Here is an amazing experience I had with that friend. We were at a social gathering for our church. She came to sit with me and started talking about something she was learning about managing grief. Another woman who was sitting with us started sharing the grief she had been experiencing because her best friend had passed away. I was aware of her friend’s passing, but was not aware of the relationship between the two women. And then a fourth woman started sharing the grief she had been experiencing because of the passing of her sister three years earlier. When I chose where to sit, I was completely unaware of the grief of the other two women, and if my first friend had not started discussing grief, I would have never known! But here we were, all four of us, unaware of each other’s realities and all struggling with the same emotion! It was definitely a blessing for each of us to be aware of and share with each other our feelings……one of the Lord’s tender mercies in our grief.

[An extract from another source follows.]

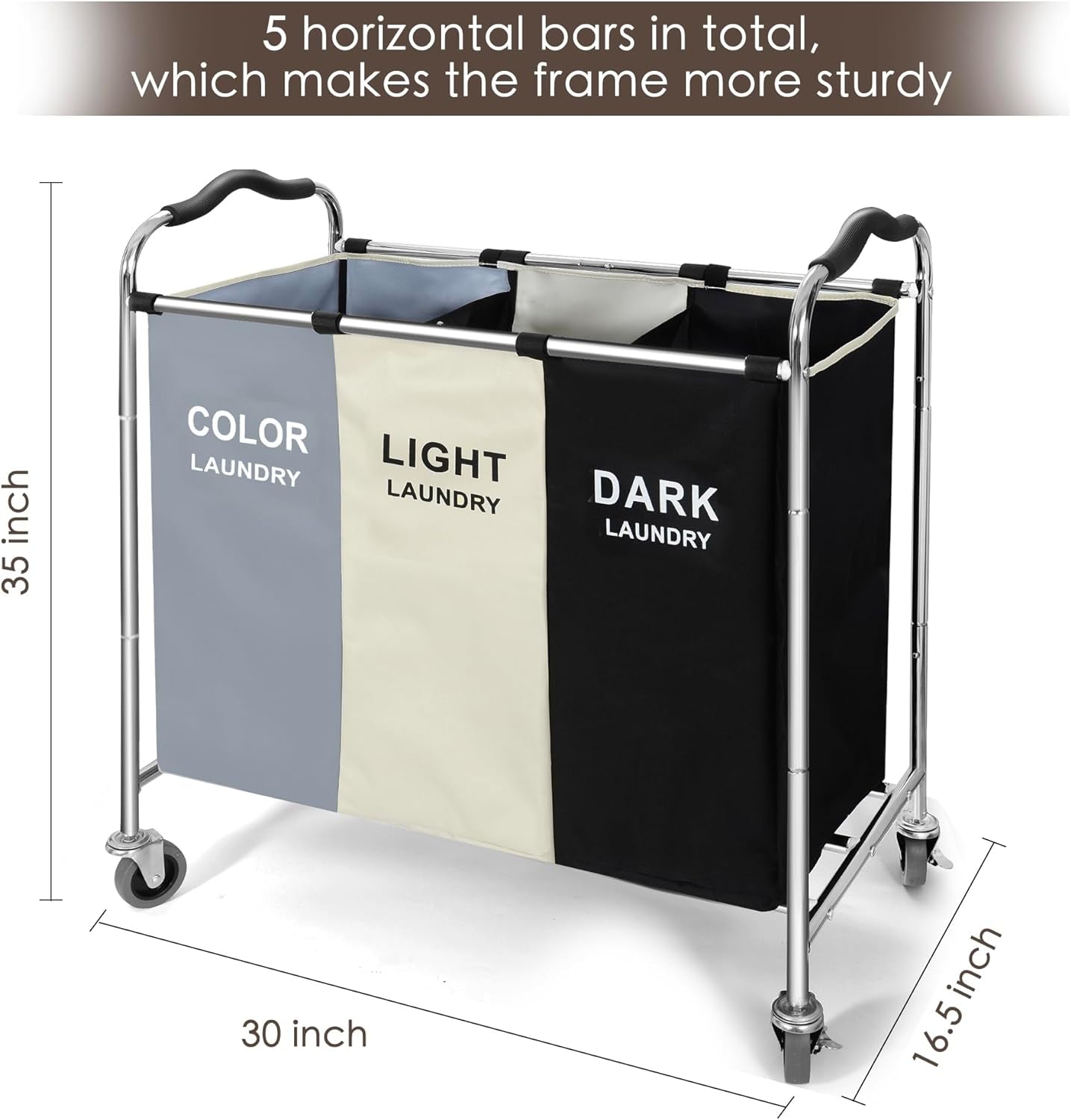 240L 3-Bag Laundry Hamper Basket Sorter Cart, 16 X 30 X 35 Inch Heavy Duty Rolling Wheels with Break for Dirty Clothes Storage Baskets Bin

This year, I have had two sons get married. I LOVE the women they have chosen! They are good people! My boys LOVE them! And they are so happy together! At both weddings, I am suppose to be happy, celebrating this momentous event in the lives of my people. It is suppose to be full of joy, happiness! I know that. I am happy for them. I really am. But the major life event (the wedding) is reminding me of the grief I am experiencing. I am so full of sorrow and sadness that I have to try to hold back my tears until after the ceremony and the celebrations and then when it is all over I come home and I just cry and cry and cry…for days. And I was crying before too. Does that happen to anyone else? It is so strange to have happiness and grief occupy the same space. Each wedding has been a little bit different in that I have cried about different things….nothing really related to the wedding itself—just different things that remind me of my grief. It is all just old stuff. Because of my super compartmentalizing skills, I can usually put my tears away to manage the events but if I am really trying to be true to myself and my feelings, I have to allow myself time and space to express my grief. So weird.

Here is what grief has done for me:

  • It refines the feelings of the heart. I am more sensitive to others, more willing to reach out to help those who are hurting.
  • It causes reflection and timeout. I have slowed life waaaay down. I use to pack my day full. Now I intentionally leave it open. I spend time sitting and doing nothing but thinking and feeling. That has actually been some of my very most productive time in helping me to define who I am and what I want and where I am going.
  • It refocuses priorities. All of those things that I once thought were so important and HAD to be done. They aren’t that important. They can wait….even if that means other people are not happy with me. The important people have my time and my energy, my children and my spouse, my family. All of the other things other people would like me to do to accomplish their agendas? I don’t have time for that.
  • It enlarges perspective. I see more–more people, fewer things; more light, less darkness; more joy, less worry.
  • It realigns desires and purposes. I evaluate why I want to do something and how important it is to me in terms of the happiness and joy it will bring to enhancing my relationships. If it doesn’t make life sweeter? Why am I stressing about including it in my life? I don’t need that.
  • It makes life/decisions more intentional. I live life much more intentionally. I spend less time doing the things others wanted me to do and more time doing things that matter. I spend time smelling flowers, watching beetles, enjoying the sunrise or sunset, helping others, talking to my kids, spending time with my spouse.
  • It draws my heart to God. I am so very thankful for the gifts and blessings he gives me! I am grateful for the people in my life! I like living!
  • It exposes my weaknesses (per my friend). I can see where my priorities have been out of line with where I wanted my life to go and how I wanted my relationships to be.
  • Grief touches all aspects of my life. It is everywhere!